Ed invero Mons. Martino non nasce all’ombra del Cupolone, ma all’ombra di un campanile del centro storico salernitano, quello della Chiesa della SS.Annunziata. Nasce (il 23.11.1932) da un famiglia di solidi sentimenti cristiani e cresce a contatto con Don Aniello Vicinanza “Priore” dell’Annunziata, forte figura di pastore e parroco, fra l’altro noto per essersi offerto come ostaggio, in luogo di parrocchiani catturati, alle truppe tedesche in ritirata. Non meno forti e storiche sono le figure dei Vescovi della sua adolescenza: Mons. Nicola Monterisi e Mons. Demetrio Moscato, il primo unica autorità rimasta a presidiare la città durante il più intenso momento bellico, il secondo protagonista della rinascita della Chiesa salernitana dopo il travaglio di quell’epoca. In questo periodo di formazione e di rinascita serba ruolo centrale l’Azione Cattolica.
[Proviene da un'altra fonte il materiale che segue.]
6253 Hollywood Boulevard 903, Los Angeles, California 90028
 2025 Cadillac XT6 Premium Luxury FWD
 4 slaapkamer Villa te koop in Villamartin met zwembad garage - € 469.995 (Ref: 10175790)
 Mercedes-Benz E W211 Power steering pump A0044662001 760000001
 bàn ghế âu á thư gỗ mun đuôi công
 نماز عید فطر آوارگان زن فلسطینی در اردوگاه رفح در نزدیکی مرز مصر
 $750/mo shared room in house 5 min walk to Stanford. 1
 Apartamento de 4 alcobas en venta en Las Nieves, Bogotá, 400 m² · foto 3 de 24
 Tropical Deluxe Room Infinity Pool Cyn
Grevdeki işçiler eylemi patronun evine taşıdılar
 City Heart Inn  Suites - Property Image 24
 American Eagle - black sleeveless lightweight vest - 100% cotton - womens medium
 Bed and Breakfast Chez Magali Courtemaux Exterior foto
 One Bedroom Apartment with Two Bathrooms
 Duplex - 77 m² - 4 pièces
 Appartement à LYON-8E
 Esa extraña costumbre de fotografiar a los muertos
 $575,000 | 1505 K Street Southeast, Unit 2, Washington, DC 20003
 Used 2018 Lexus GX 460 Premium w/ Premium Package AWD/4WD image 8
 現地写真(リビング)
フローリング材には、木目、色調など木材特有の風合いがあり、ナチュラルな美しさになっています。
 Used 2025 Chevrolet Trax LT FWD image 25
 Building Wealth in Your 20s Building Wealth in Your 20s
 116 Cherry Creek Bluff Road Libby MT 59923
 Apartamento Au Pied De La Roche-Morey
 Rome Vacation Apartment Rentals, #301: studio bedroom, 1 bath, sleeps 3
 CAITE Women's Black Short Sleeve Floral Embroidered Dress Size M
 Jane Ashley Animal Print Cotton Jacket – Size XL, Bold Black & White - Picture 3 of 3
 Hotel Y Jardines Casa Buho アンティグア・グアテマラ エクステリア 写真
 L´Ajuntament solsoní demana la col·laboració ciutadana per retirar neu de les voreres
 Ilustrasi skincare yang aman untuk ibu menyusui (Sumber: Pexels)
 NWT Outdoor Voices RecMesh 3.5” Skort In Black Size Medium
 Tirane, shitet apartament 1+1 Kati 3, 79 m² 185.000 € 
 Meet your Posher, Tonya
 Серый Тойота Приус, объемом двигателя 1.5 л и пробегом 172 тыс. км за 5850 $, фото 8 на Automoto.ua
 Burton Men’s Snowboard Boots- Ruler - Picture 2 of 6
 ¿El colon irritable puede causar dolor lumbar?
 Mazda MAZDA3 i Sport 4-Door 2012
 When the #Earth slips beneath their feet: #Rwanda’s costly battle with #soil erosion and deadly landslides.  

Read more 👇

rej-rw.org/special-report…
Nella Parrocchia dell’Annunziata –come in tutte le altre – essa forgia una generazione di cristiani che daranno contezza di sé e genuina testimonianza nella vita civile, professionale, religiosa. Mons. Renato Martino, protagonista primario di tale vita associativa e particolarmente rivolto all’attività missionaria, costituisce l’espressione più alta e più bella di questa generazione. Pur collocandosi presto per i suoi studi e per la sua carriera all’ombra del Cupolone di San Pietro, il nostro Don Renato non reciderà i suoi legami con il nostro campanile, non tanto per la materiale collocazione della casa paterna, sede dei suoi ritorni, ma per il profondo ed inestinguibile legame con la Parrocchia, alla quale donerà, tra l’altro, le artistiche vetrate. Ritorni in occasione dei quali, non amando parlare di sé e delle sue alte missioni , rifugiandosi nella sua naturale semplicità, amerà dare prova delle conoscenze culinarie acquisite all’estero, unite alle solide basi indigene della materia. Per ragione di età qualcuno lo ricorda con i calzoni corti partecipare alle gite parrocchiali alla Badia di Cava ed al Monte San Liberatore, partecipare attento e consapevole alle “adunanze” dell’A.C., diffondere la pubblicazioni della giornata missionaria. Nel trascorrere del tempo altri lo vedranno mano mano, ammirati e partecipi, vestirsi del nero dell’abito talare, quindi del rosso violaceo vescovile, infine della porpora cardinalizia.
Muteranno i colori ma non le virtù e l’amore reciproco tra Cardinale e fedeli, accomunati ed illuminati dall’ “ombra del campanile”.